==== DATA BLOCK ====

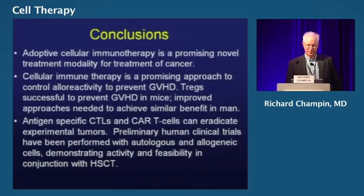In conclusion, adoptive cellular therapy is a promising novel treatment modality for cancer — a true different and unique form of treatment. Cellular immune therapy is a promising approach to control alloreactivity. Antigen-specific CTLs and CAR T cells can eradicate experimental tumors. Preliminary clinical trials have been performed with both autologous and allogeneic cells, producing in many cases dramatic activity and feasibility with or without hematopoietic transplantation. It's an exciting time for this general approach, and we're all expecting big things just within the next few years with all the cells discussed. Thank you.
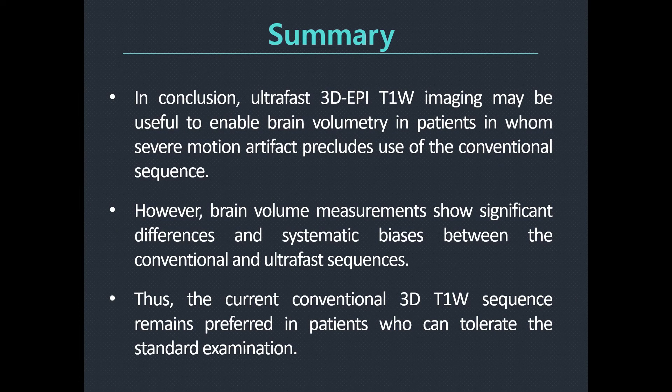In conclusion, ultra-fast 3D EPI T1-weighted imaging may be useful to enable brain volumetry in patients with severe motion artifact precluding use of the conventional sequence. However, brain volume measurements showed significant differences and systematic biases between the conventional and ultra-fast sequences. Therefore, the current conventional 3D T1-weighted sequence remains preferred in patients who can tolerate the standard examination.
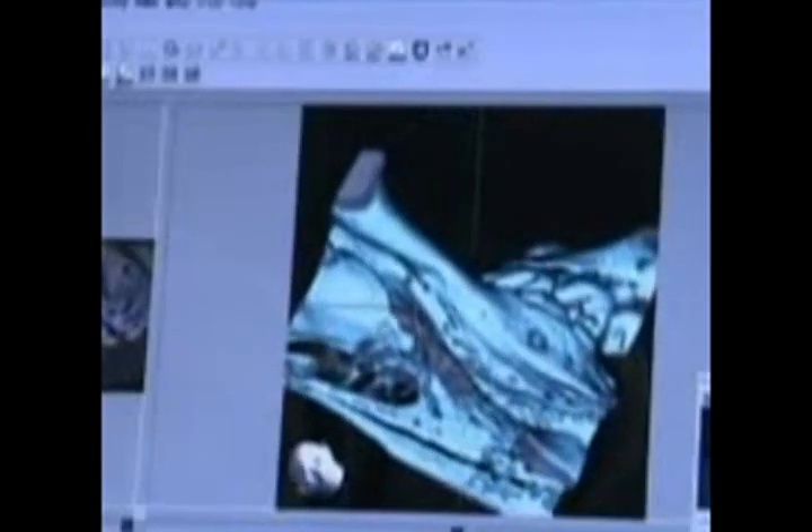Researchers said they've managed to develop a bioengineered tooth germ, or seed, containing specific cells taken from a mouse embryo. A little more than a month after the seeds were transplanted into the jaw bones of the mice, the researchers found reproduced teeth were beginning to show, and the rodents were able to nibble with their new teeth.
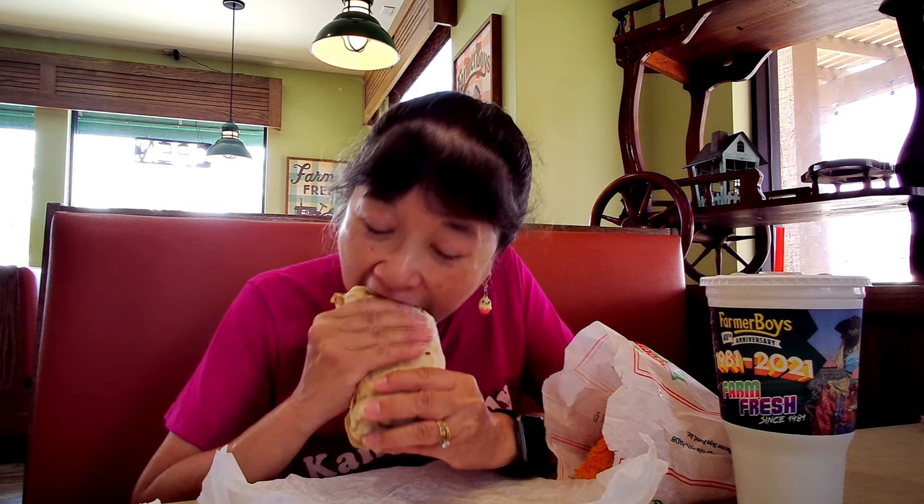I got a lot of protein in here. If you need to eat lots of protein, this is a good one. They even grilled the tortilla too. The eggs are real hot and they're yummy.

====

● **TASK PROMPT**:
The full listing, transcribed exactly and without its pictures, is the expected result.

● **RESPONSE TO THIS EXERCISE**:
In conclusion, adoptive cellular therapy is a promising novel treatment modality for cancer — a true different and unique form of treatment. Cellular immune therapy is a promising approach to control alloreactivity. Antigen-specific CTLs and CAR T cells can eradicate experimental tumors. Preliminary clinical trials have been performed with both autologous and allogeneic cells, producing in many cases dramatic activity and feasibility with or without hematopoietic transplantation. It's an exciting time for this general approach, and we're all expecting big things just within the next few years with all the cells discussed. Thank you.
In conclusion, ultra-fast 3D EPI T1-weighted imaging may be useful to enable brain volumetry in patients with severe motion artifact precluding use of the conventional sequence. However, brain volume measurements showed significant differences and systematic biases between the conventional and ultra-fast sequences. Therefore, the current conventional 3D T1-weighted sequence remains preferred in patients who can tolerate the standard examination.
Researchers said they've managed to develop a bioengineered tooth germ, or seed, containing specific cells taken from a mouse embryo. A little more than a month after the seeds were transplanted into the jaw bones of the mice, the researchers found reproduced teeth were beginning to show, and the rodents were able to nibble with their new teeth.
I got a lot of protein in here. If you need to eat lots of protein, this is a good one. They even grilled the tortilla too. The eggs are real hot and they're yummy.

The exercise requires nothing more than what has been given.